# Task details
Each line must appear in the answer exactly as it does in the data.

*** Opening Data to examine ***

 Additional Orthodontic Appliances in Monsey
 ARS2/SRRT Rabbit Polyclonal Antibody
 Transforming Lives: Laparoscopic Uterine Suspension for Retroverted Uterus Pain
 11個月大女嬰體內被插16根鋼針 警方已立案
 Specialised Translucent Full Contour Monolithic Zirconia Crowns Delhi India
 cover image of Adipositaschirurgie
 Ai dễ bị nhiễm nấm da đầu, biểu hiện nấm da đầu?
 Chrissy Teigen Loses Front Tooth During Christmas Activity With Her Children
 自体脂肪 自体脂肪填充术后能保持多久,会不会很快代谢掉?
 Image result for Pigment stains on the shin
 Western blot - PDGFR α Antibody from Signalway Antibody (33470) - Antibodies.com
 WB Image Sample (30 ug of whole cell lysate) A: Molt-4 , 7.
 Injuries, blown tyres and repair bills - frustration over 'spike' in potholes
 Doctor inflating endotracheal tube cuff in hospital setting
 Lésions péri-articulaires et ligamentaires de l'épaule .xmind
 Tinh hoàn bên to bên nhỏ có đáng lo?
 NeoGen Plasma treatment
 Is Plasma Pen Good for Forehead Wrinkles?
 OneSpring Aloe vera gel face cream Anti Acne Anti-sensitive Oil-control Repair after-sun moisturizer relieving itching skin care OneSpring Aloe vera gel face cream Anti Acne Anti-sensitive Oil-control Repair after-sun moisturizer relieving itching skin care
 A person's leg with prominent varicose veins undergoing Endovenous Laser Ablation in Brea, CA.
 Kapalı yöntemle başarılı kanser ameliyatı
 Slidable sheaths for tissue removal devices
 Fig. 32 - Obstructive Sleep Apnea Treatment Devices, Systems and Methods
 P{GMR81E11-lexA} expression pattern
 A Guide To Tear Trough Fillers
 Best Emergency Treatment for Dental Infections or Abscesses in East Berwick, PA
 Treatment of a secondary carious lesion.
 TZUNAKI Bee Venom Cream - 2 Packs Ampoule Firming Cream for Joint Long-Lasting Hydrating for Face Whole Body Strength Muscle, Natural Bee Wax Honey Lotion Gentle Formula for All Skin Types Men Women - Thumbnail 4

*** Closing Data to examine ***

# Finished exercise
 Additional Orthodontic Appliances in Monsey
 ARS2/SRRT Rabbit Polyclonal Antibody
 Transforming Lives: Laparoscopic Uterine Suspension for Retroverted Uterus Pain
 11個月大女嬰體內被插16根鋼針 警方已立案
 Specialised Translucent Full Contour Monolithic Zirconia Crowns Delhi India
 cover image of Adipositaschirurgie
 Ai dễ bị nhiễm nấm da đầu, biểu hiện nấm da đầu?
 Chrissy Teigen Loses Front Tooth During Christmas Activity With Her Children
 自体脂肪 自体脂肪填充术后能保持多久,会不会很快代谢掉?
 Image result for Pigment stains on the shin
 Western blot - PDGFR α Antibody from Signalway Antibody (33470) - Antibodies.com
 WB Image Sample (30 ug of whole cell lysate) A: Molt-4 , 7.
 Injuries, blown tyres and repair bills - frustration over 'spike' in potholes
 Doctor inflating endotracheal tube cuff in hospital setting
 Lésions péri-articulaires et ligamentaires de l'épaule .xmind
 Tinh hoàn bên to bên nhỏ có đáng lo?
 NeoGen Plasma treatment
 Is Plasma Pen Good for Forehead Wrinkles?
 OneSpring Aloe vera gel face cream Anti Acne Anti-sensitive Oil-control Repair after-sun moisturizer relieving itching skin care OneSpring Aloe vera gel face cream Anti Acne Anti-sensitive Oil-control Repair after-sun moisturizer relieving itching skin care
 A person's leg with prominent varicose veins undergoing Endovenous Laser Ablation in Brea, CA.
 Kapalı yöntemle başarılı kanser ameliyatı
 Slidable sheaths for tissue removal devices
 Fig. 32 - Obstructive Sleep Apnea Treatment Devices, Systems and Methods
 P{GMR81E11-lexA} expression pattern
 A Guide To Tear Trough Fillers
 Best Emergency Treatment for Dental Infections or Abscesses in East Berwick, PA
 Treatment of a secondary carious lesion.
 TZUNAKI Bee Venom Cream - 2 Packs Ampoule Firming Cream for Joint Long-Lasting Hydrating for Face Whole Body Strength Muscle, Natural Bee Wax Honey Lotion Gentle Formula for All Skin Types Men Women - Thumbnail 4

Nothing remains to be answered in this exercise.